Published online Dec 16, 2019. doi: 10.4253/wjge.v11.i12.573
Peer-review started: May 8, 2019
First decision: August 2, 2019
Revised: August 17, 2019
Accepted: September 11, 2019
Article in press: September 11, 2019
Published online: December 16, 2019
Propofol is commonly used for sedation during endoscopic procedures. Data suggests its superiority to traditional sedatives used in endoscopy including benzodiazepines and opioids with more rapid onset of action and improved post-procedure recovery times for patients. However, Propofol requires administration by trained healthcare providers, has a narrow therapeutic index, lacks an antidote and increases risks of cardio-pulmonary complications.
To compare, through a systematic review of the literature and meta-analysis, sedation with propofol to traditional sedatives with or without propofol during endoscopic procedures.
A literature search was performed using MEDLINE, Scopus, EMBASE, the Cochrane Library, Scopus, LILACS, BVS, Cochrane Central Register of Controlled Trials, and The Cumulative Index to Nursing and Allied Health Literature databases. The last search in the literature was performed on March, 2019 with no restriction regarding the idiom or the year of publication. Only randomized clinical trials with full texts published were included. We divided sedation therapies to the following groups: (1) Propofol versus benzodiazepines and/or opiate sedatives; (2) Propofol versus Propofol with benzodiazepine and/or opioids; and (3) Propofol with adjunctive benzodiazepine and opioid versus benzodiazepine and opioid. The following outcomes were addressed: Adverse events, patient satisfaction with type of sedation, endoscopists satisfaction with sedation administered, dose of propofol administered and time to recovery post procedure. Meta-analysis was performed using RevMan5 software version 5.39.

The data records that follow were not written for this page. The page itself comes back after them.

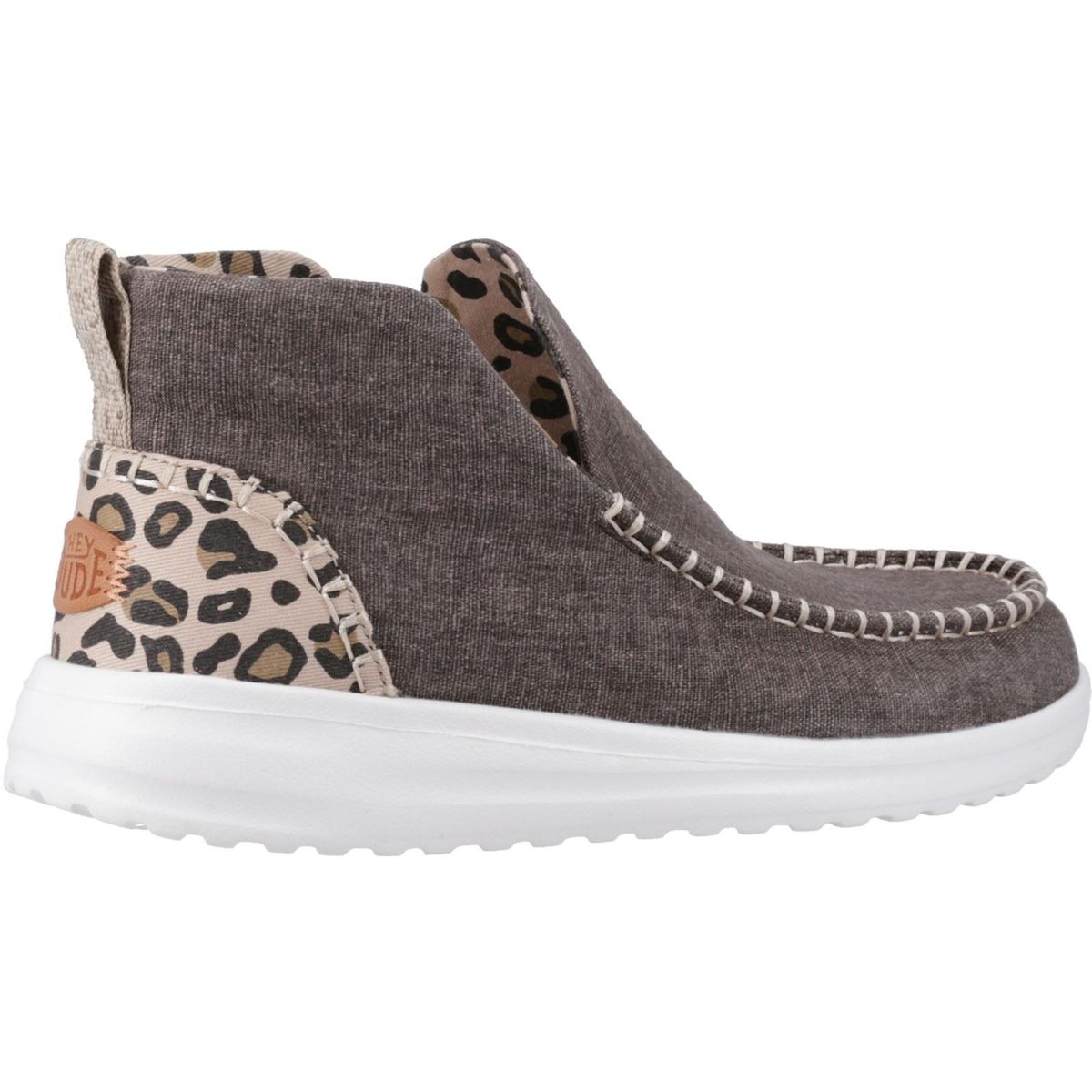 Gemütliche Canvas-Stiefeletten mit Leopardenmuster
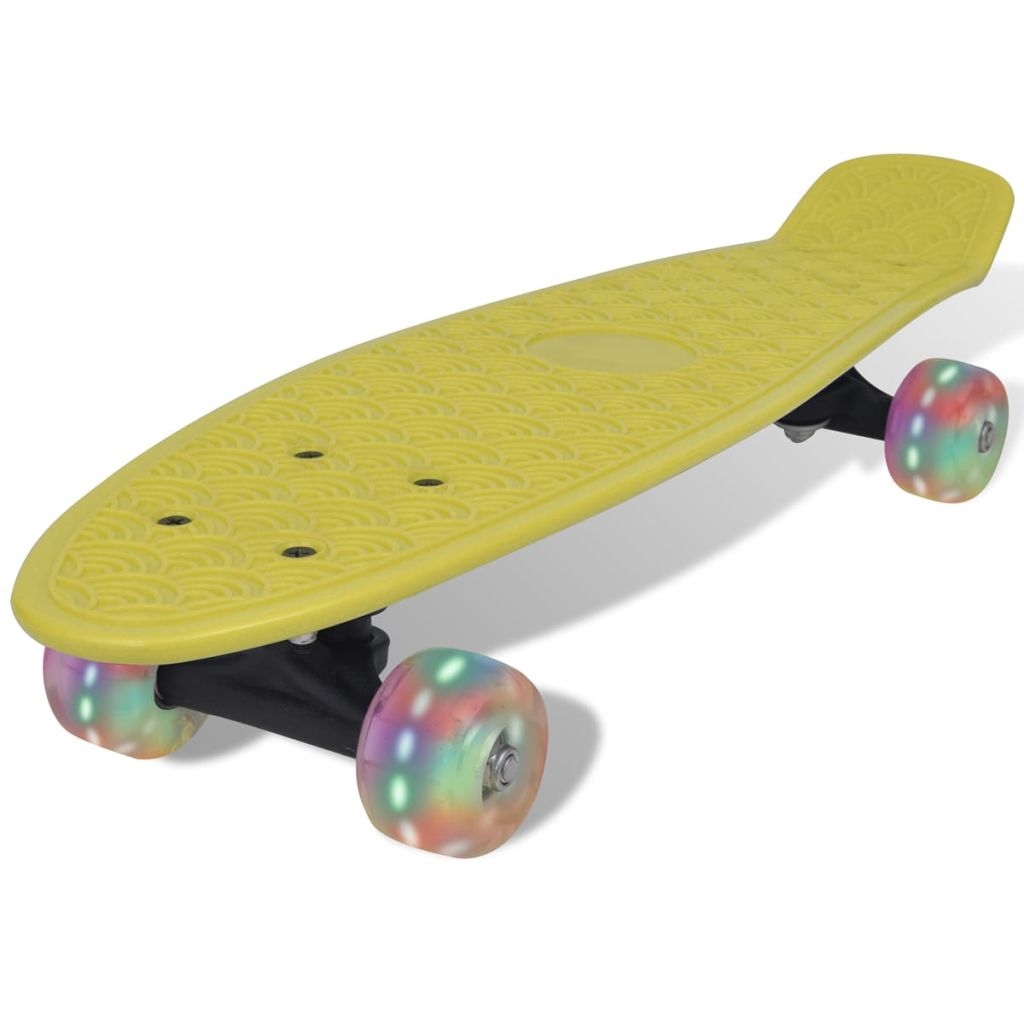 Skateboard, Gelb Retro mit LED Rollen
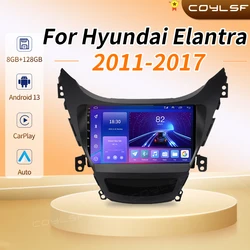 For Hyundai Elantra 2011 -2016 Android 13 Car Radio Stereo Multimedia Video Player Carplay Auto 2din Recorder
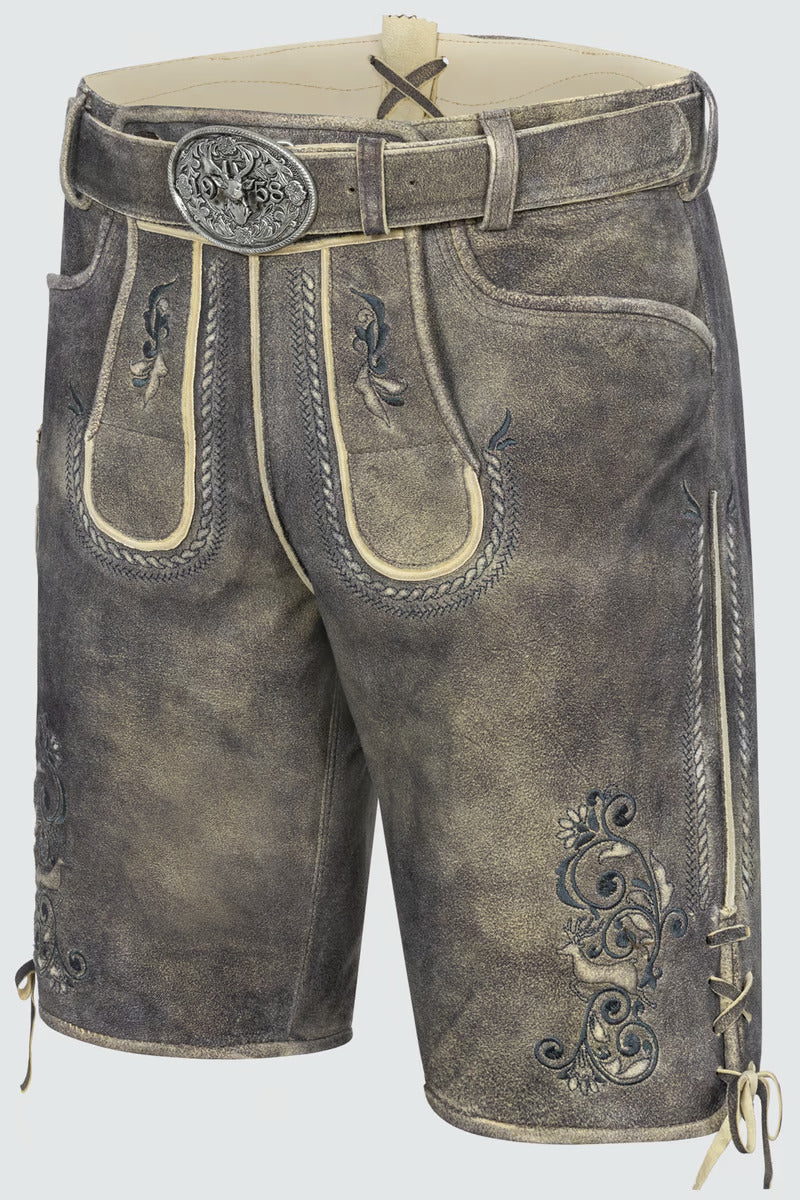 Kruger Men's Lederhosen "Gideon" with belt (light brown)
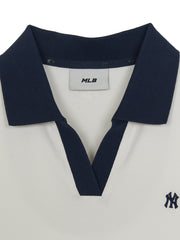 Women's Basic Open Collar Slim Fit Polo T-Shirts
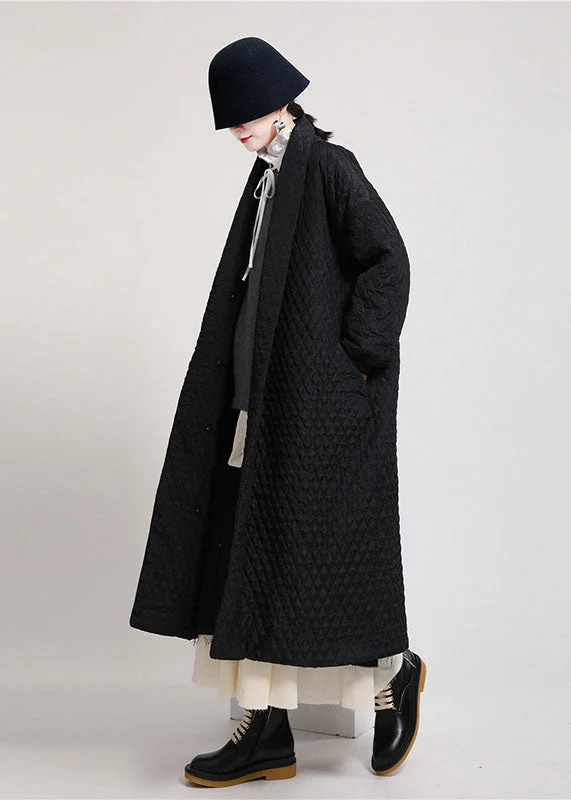 Art Black Oversized Side Open Fine Cotton Filled Puffers Coats Winter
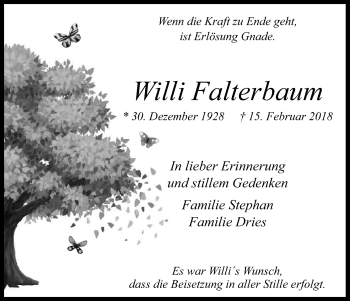 Anzeige von Willi Falterbaum von Kölner Stadt-Anzeiger / Kölnische Rundschau / Express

A total of 23 clinical trials were included (n = 3854) from the initial search of 6410 articles. For Group I (Propofol vs benzodiazepine and/or opioids): The incidence of bradycardia was not statistically different between both sedation arms (RD: -0.01, 95%CI: −0.03–+0.01, I2: 22%). In 10 studies, the incidence of hypotension was not statistically difference between sedation arms (RD: 0.01, 95%CI: −0.02–+0.04, I2: 0%). Oxygen desaturation was higher in the propofol group but not statistically different between groups (RD: −0.03, 95%CI: −0.06–+0.00, I2: 25%). Patients were more satisfied with their sedation in the benzodiazepine + opioid group compared to those with monotherapy propofol sedation (MD: +0.89, 95%CI: +0.62–+1.17, I2: 39%). The recovery time after the procedure showed high heterogeneity even after outlier withdrawal, there was no statistical difference between both arms (MD: -15.15, 95%CI: −31.85–+1.56, I2: 99%). For Group II (Propofol vs propofol with benzodiazepine and/or opioids): Bradycardia had a tendency to occur in the Propofol group with benzodiazepine and/or opioid-associated (RD: -0.08, 95%CI: −0.13–−0.02, I2: 59%). There was no statistical difference in the incidence of bradycardia (RD: -0.00, 95%CI: −0.08–+0.08, I2: 85%), desaturation (RD: −0.00, 95%CI: −0.03–+0.02, I2: 44%) or recovery time (MD: -2.04, 95%CI: −6.96–+2.88, I2: 97%) between sedation arms. The total dose of propofol was higher in the propofol group with benzodiazepine and/or opiates but with high heterogeneity. (MD: 70.36, 95%CI: +53.11–+87.60, I2: 61%). For Group III (Propofol with benzodiazepine and opioid vs benzodiazepine and opioid): Bradycardia and hypotension was not statistically significant between groups (RD: -0.00, 95%CI: −0.002–+0.02, I2: 3%; RD: 0.04, 95%CI: −0.05–+0.13, I2: 77%). Desaturation was evaluated in two articles and was higher in the propofol + benzodiazepine + opioid group, but with high heterogeneity (RD: 0.15, 95%CI: 0.08–+0.22, I2: 95%).
This meta-analysis suggests that the use of propofol alone or in combination with traditional adjunctive sedatives is safe and does not result in an increase in negative outcomes in patients undergoing endoscopic procedures.
Core tip: Propofol is commonly used for sedation during endoscopic procedures with increasing data suggesting its superiority to other sedatives, however with reported concerns about possible adverse events. This systematic review and meta-analysis discusses different variants of propofol-based sedation and how they compare to alternative sedatives such as those utilizing benzodiazepines and opioids. We demonstrate that the use of propofol, alone or in conjunction with alternative sedatives, is safe and carries no particular negative outcomes when compared to the widely available combination of alternative sedatives using in endoscopy.